§ What to produce:
What is needed is every line from the one holding "Incoming Volume received by server" to the last line of the data below, printed exactly and without pictures.

[Short descriptive text snippets]
________________________
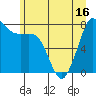 Legoe Bay tide chart for Monday, June 16, 2025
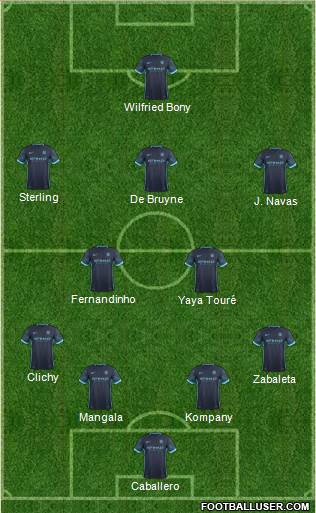 Manchester City Formation 2016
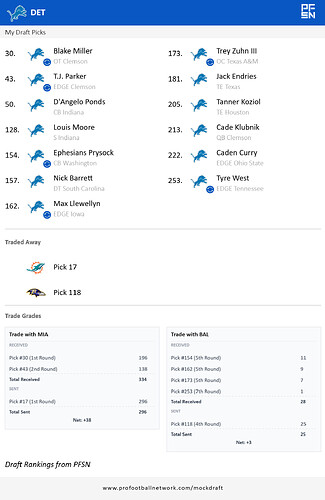 PFN_Draft_result_1776051610683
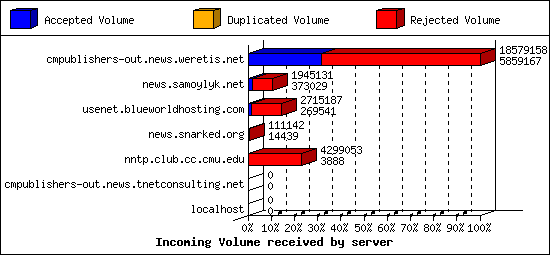 Incoming Volume received by server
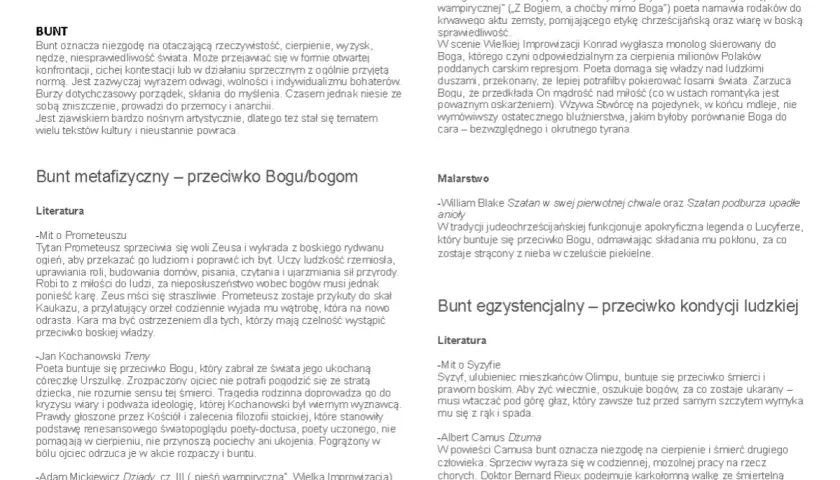 Samotność bohatera w literaturze egzystencjalnej Camusa i Kafki: bunt przeciwko Bogu i kondycji ludzkiej.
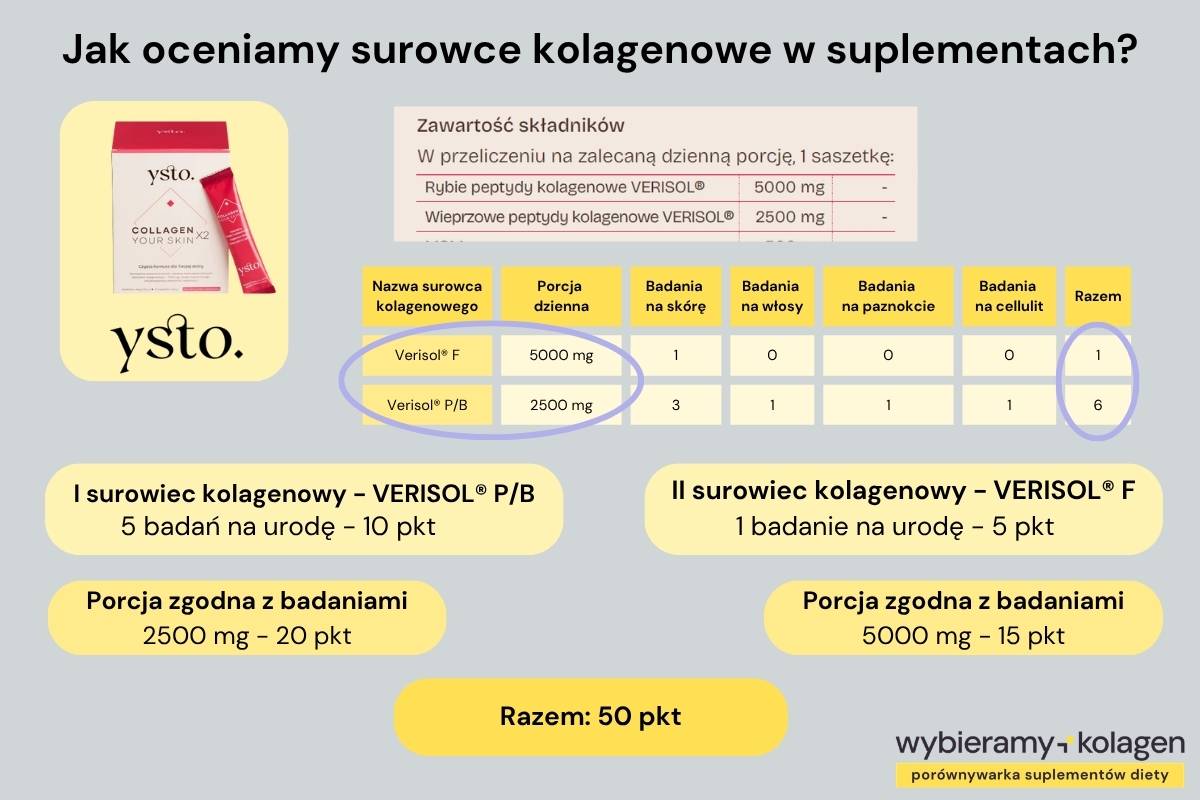 Infografika wyjaśnia ocenę kolagenu przez algorytm Wybieramykolagen.pl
________________________
§ Answer to the problem:
 Incoming Volume received by server
 Samotność bohatera w literaturze egzystencjalnej Camusa i Kafki: bunt przeciwko Bogu i kondycji ludzkiej.
 Infografika wyjaśnia ocenę kolagenu przez algorytm Wybieramykolagen.pl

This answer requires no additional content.